La projection ne donne rien d'autre à voir que la mer, une forte houle bleue que
I'artiste a su magnifiquement filmer. Masse d'eau déferlante dont la vision
éblouie comme une peinture de Turner, Monet ou Twombly. Les vagues, sans
cesse se projettent à la verticale, recouvrant tout l'écran. A leurs crêtes, une mousse laiteuse éclabousse ou recouvre l'opacité bleue sombre de la masse gigantesque en mouvement. Le plein écran et l'enregistrement en boucle, sans début ni fin, illustrent parfaitement l'infinité du temps, un temps immémorial à I'écoulement inexorable quand le battement repété des vagues résonne comme une pulsion de vie, une respiration au présent.
On a pu voir récemment au centre Electra à Paris, dans le cadre d'une
exposition sur l'Algérie, une autre vidéo de Leccia où la mer jouait aussi le rôle principal, on y voyait juste les remous du sillage laissé par l'éloignement d'un bateau (invisible) dans une mer rouge sang à l'eau épaisse et visqueuse.
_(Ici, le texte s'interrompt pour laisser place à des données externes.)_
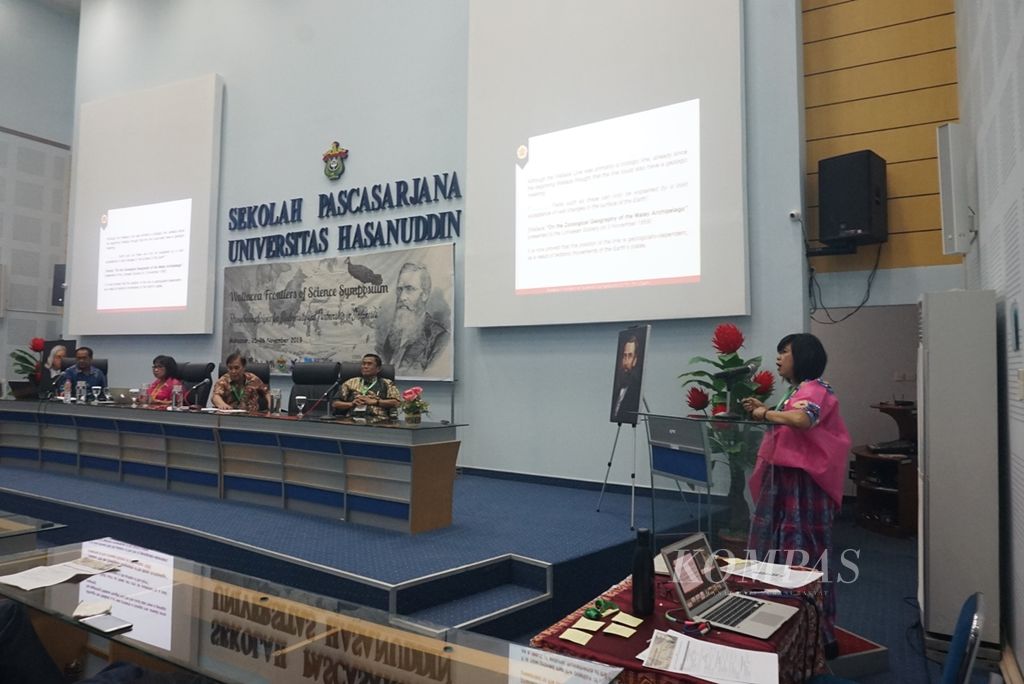 Sejumlah ahli dari berbagai bidang memberikan pandangan dalam Wallacea Frontiers of Science Symposium di Universitas Hasanuddin, Makassar, Sulawesi Selatan, Senin (25/11/2019).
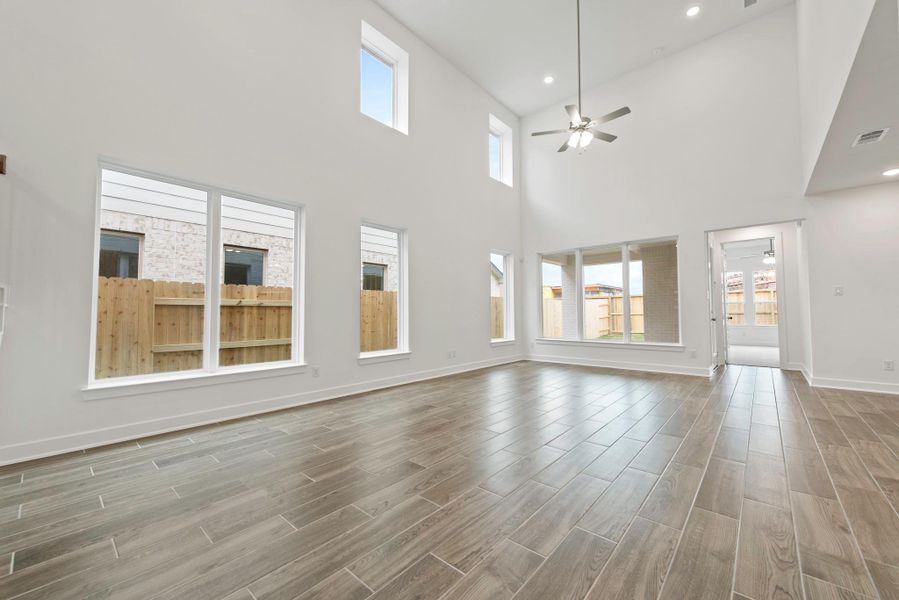 Representative image. Features, specifications, selections and colors may vary. Representative image. Features, specifications, selections and colors may vary.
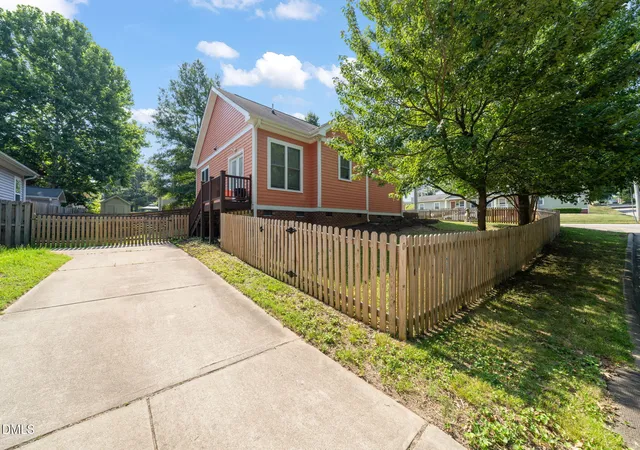 16th image of 805 E Jones St, Raleigh, NC 27601 | MLS# 10177801
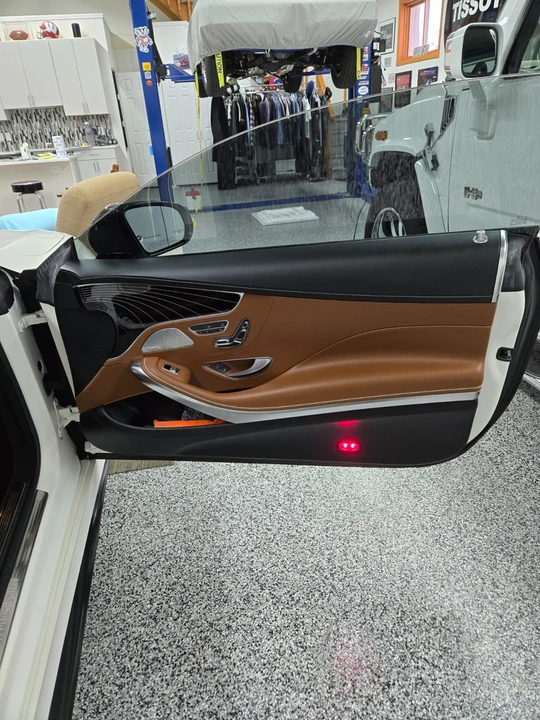 2016 Mercedes-Benz - Image 18 of 18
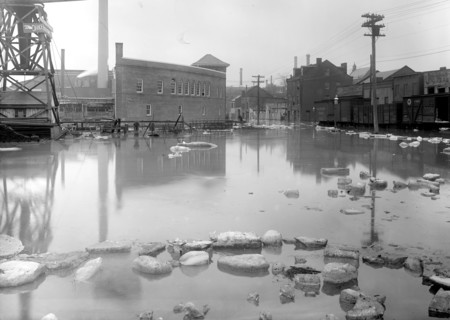 Flood waters in Washington, D.C. ca. 1918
Une image extrêmement poignante parlant autant aux français rapatriés des années soixante fuyant un massacre annoncé qu'aux exilés algériens d'aujourdhui se réfugiant en France pour échapper aux attentats meurtriers perpétrés par leurs amis d'hier.
Ces deux vidéos d'Ange Leccia témoignent de la puissance visuelle de son
langage métaphorique qui, à l'image des peintres d'autrefois et notamment de ceux du 17e siècle, savaient si bien évoquer plastiquement une pensée telle que celle de la fuite du temps, de la vie à la mort.
A voir en même temps l'exposition "Napoléon et la Mer" qui regroupe un ensemble important de peintures d'Horace Vernot - des très
grands formats sur les villes portuaires de France- dans une scénographie
prestigieuse à l'image de la Royale : une collection unique au monde de
vaisseaux, de maquettes et de sculptures du 18e siècle.